Hensel's Lemma and Chinese Remainder Theorem?

Question

Hi,

I seem to be having problems know when/how to use Hensel's Lemma and the Chinese Remainder Theorem... Any tips? Good advice? My midterm is on Monday, and I just seem stuck!

Thanks!

Answer 1

Suppose f is a polynomial and you know a solution
to f(x) = 0(mod p).
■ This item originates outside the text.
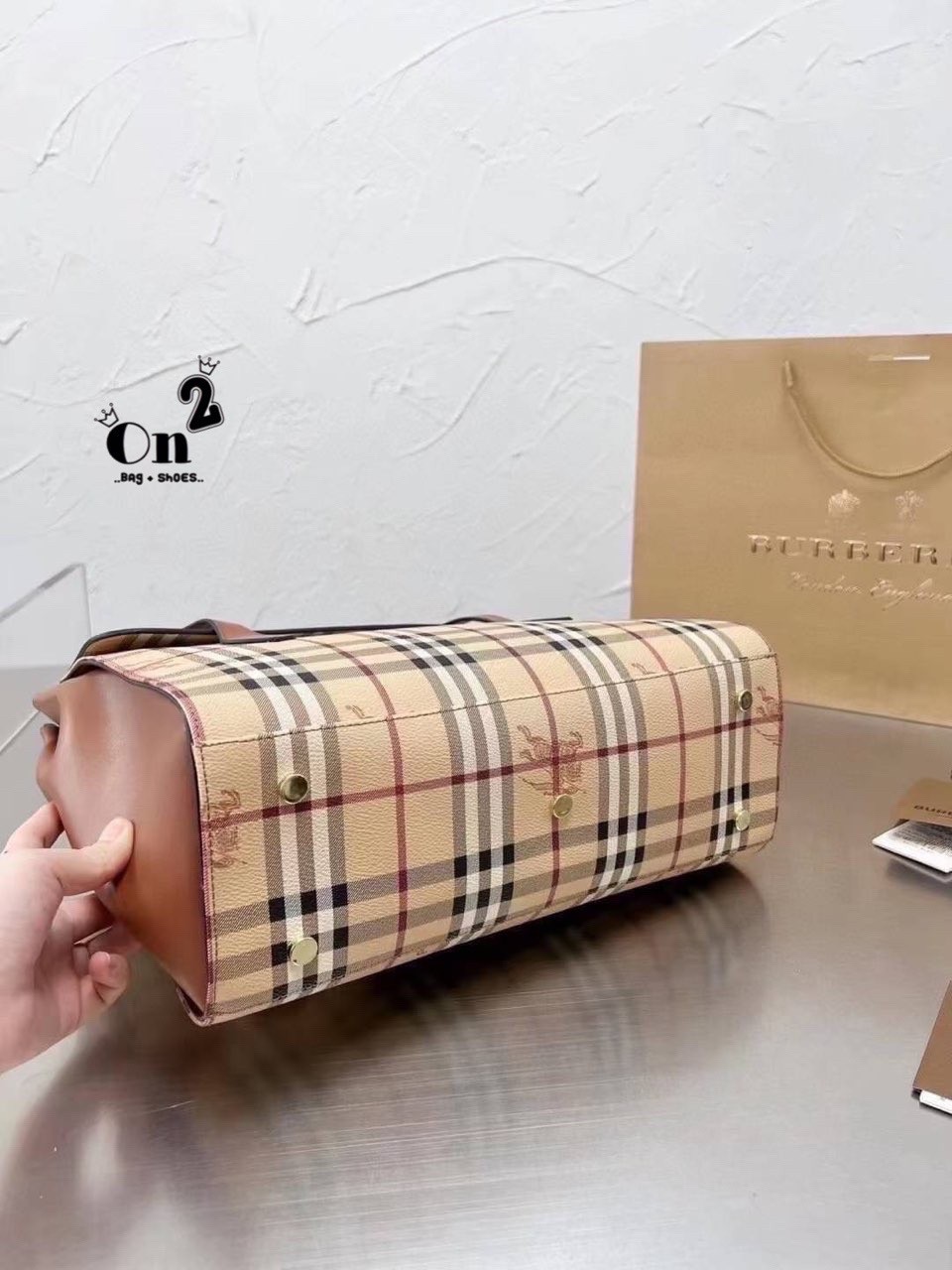 BURBERRY london kelly bag vintage with strap Gift Bag / BURBERRY Messenger Bag กระเป๋าสะพายขนาดที่พอเหมาะกับการใช้ในชีวิตประจำวัน รูปทรงคลาสสิกที่ไม่ทิ้งในเรื่องของคุณสมบัติการใช้งานลวดลาย Vintage Check ที่ถือว่าเป็นสัญลักษณ์อันเก่าแก่ของแบรนด์ เสริมทุกสไ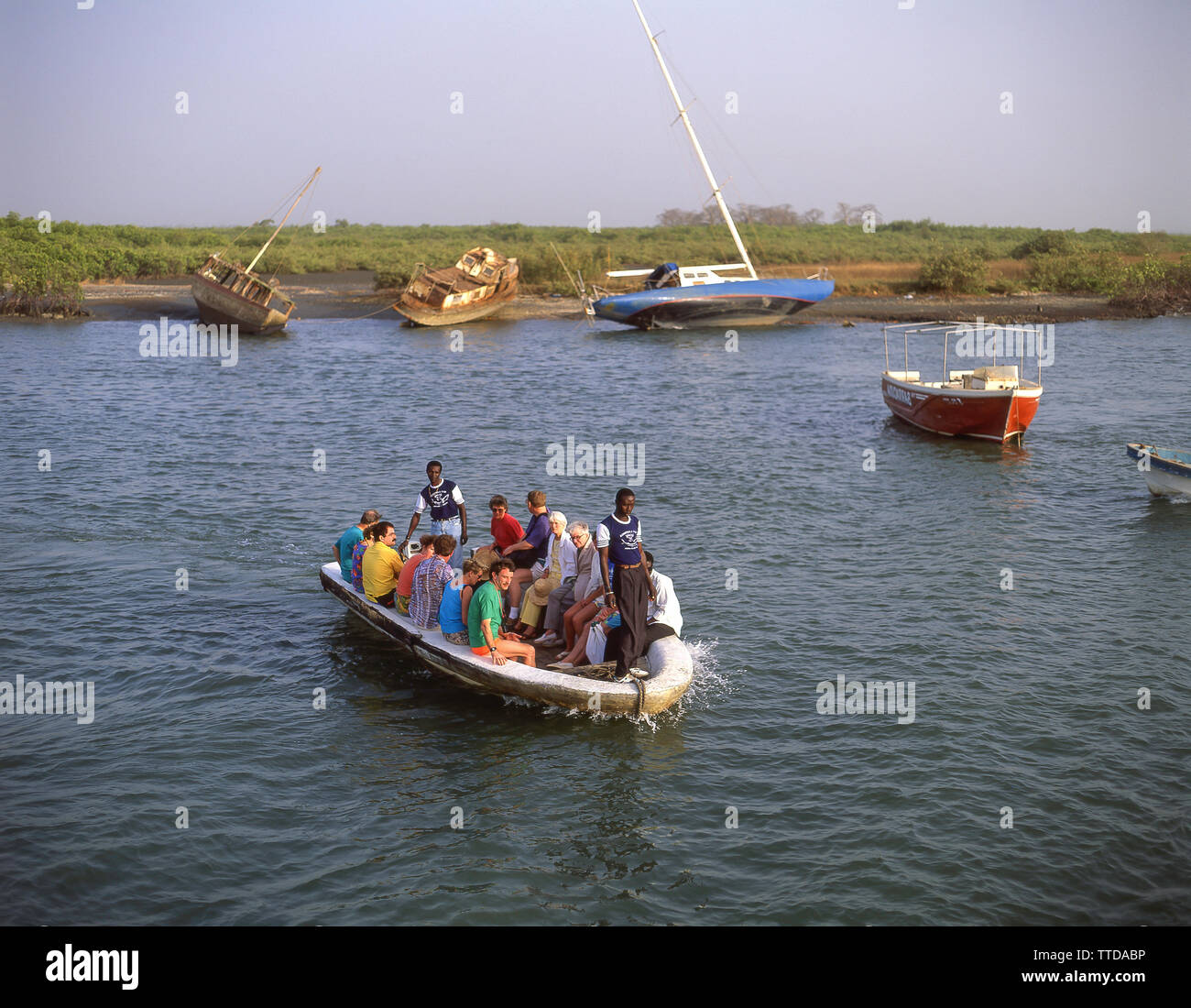 'Raíces' excursión turística por el río Gambia, cerca de Juffure, Ribera Norte, República de Gambia Foto de stock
Hensel's Lemma can be used to
find solutions of, say, f(x) mod p².
I will state it at the end of this post.
Right now, let's give a couple of simple examples:
Let's solve x² = 2(mod 49).
We know 2 solutions mod 7: x = 3 and x = 4.
Let f(x) = x²-2.
We have f'(x) = 2x
f'(3) .ne. 0(mod 7)
So there is a unique integer t, 0 <= t <= 6 such
that (3 + 7t)²-2 = 0(mod 49).
7 + 42t = 0(mod 49)
1 + 6t = 0(mod 7).
So t = 1(mod 7)
and a solution is 10² = 100 = 2(mod 49).
Now the same is true if r = 4
and we have to solve
(4+7t)² -2 = 0(mod 49)
16 + 7t -2 = 0(mod 49)
14 + 7t = 0(mod 49)
2 + t = 0(mod 7)
t = 5 mod 7
and the solution is 4+35 = 39 = -10 mod 49.
So the solutions mod 49 are x = 10 and x = -10.
Here's an example of a problem I had to solve the
other day:
Find all solutions of f(x) = x^10 + 1 = 0(mod 25).
The solutions mod 5 are x = 2 and x = 3.
and f'(x) = 0(mod 5) in each case.
Next, f(2) = 0(mod 25) and 3^10+1 = 0(mod 25)
So each solution mod 5 yields 5 solutions mod 25:
The solutions are
x = 2,3,7,8,12,13,17,18,22 and 23(mod 25).

Chinese remainder theorem.
This says:
Let x = a(mod m)
and x = b(mod n)
If (m,n) = 1 then this system has a unique solution mod mn.
This result can be extended to more than 2 congruences
provided the moduli are relatively prime in pairs.
Simple example:
Find the solution of the system
x = 2(mod 5)
x = 3(mod 7)
Solution:
The first congruence yields x = 2+ 5t
So 2 + 5t = 3(mod 7)
5t = 1(mod 7)
t = 3(mod 7)
x = 2 + 5(3+7t) = 17 + 35t
x = 17(mod 35).
Did you know that the Chinese remainder theorem
can be used to multiply numbers and even
multiply them with no carrying?
Let's do an example, which will give more
practice in using the theorem.
Multiply 15*12.
We pick 2 or more distinct prime moduli whose
product is bigger than the product we seek.
Let's try m1 = 3, m2 = 7 and m3 = 11.
Write each number mod each of these
15............................... 12
0 1 4........................ 0 5 1
Now multiply the components together:
15*12
0 5 4.
So we seek a number such that
x = 0 mod 3
x = 5 mod 7
x = 4 mod 11.
Let's solve this system, for practice:
3t = 5(mod 7)
t = 4(mod 7)
x = 3(4+7t) = 12(mod 21)
x = 12 + 21u
12+ 21u = 4(mod 11)
1 - u = 4(mod 11)
u = 8(mod 11)
x = 12 + 21(8 + 3*5*11*v)
x = 180.
FINALLY,
Here is Hensel's Lemma:
A version of the lemma for p-adic fields is as follows. Let f(x) be a polynomial with integer coefficients, k an integer not less than 2 and p a prime number. Suppose that r is a solution of the congruence

f(r) \equiv 0 \pmod{p^{k-1}}.\,

If f'(r) \not\equiv 0 \pmod{p}, then there is a unique integer t, 0 ≤ t ≤ p-1, such that

f(r + tp^{k-1}) \equiv 0 \pmod{p^k}\,

with t defined by

tf'(r) \equiv -(f(r)/p^{k-1}) \pmod{p}.\,

If, on the other hand, f'(r) \equiv 0 \pmod{p}, and in addition, f(r) \equiv 0 \pmod{p^k}, then

f(r + tp^{k-1}) \equiv 0 \pmod{p^k}\,

for all integers t.

Also, if f'(r) \equiv 0 \pmod{p}\, and f(r) \not\equiv 0 \pmod{p^k}, then f(x) \equiv 0 \pmod{p^k}\, has no solution for any x \equiv r \pmod{p^{k-1}}.\,
Note: \equiv is the TeX equivalent of the congruence sign.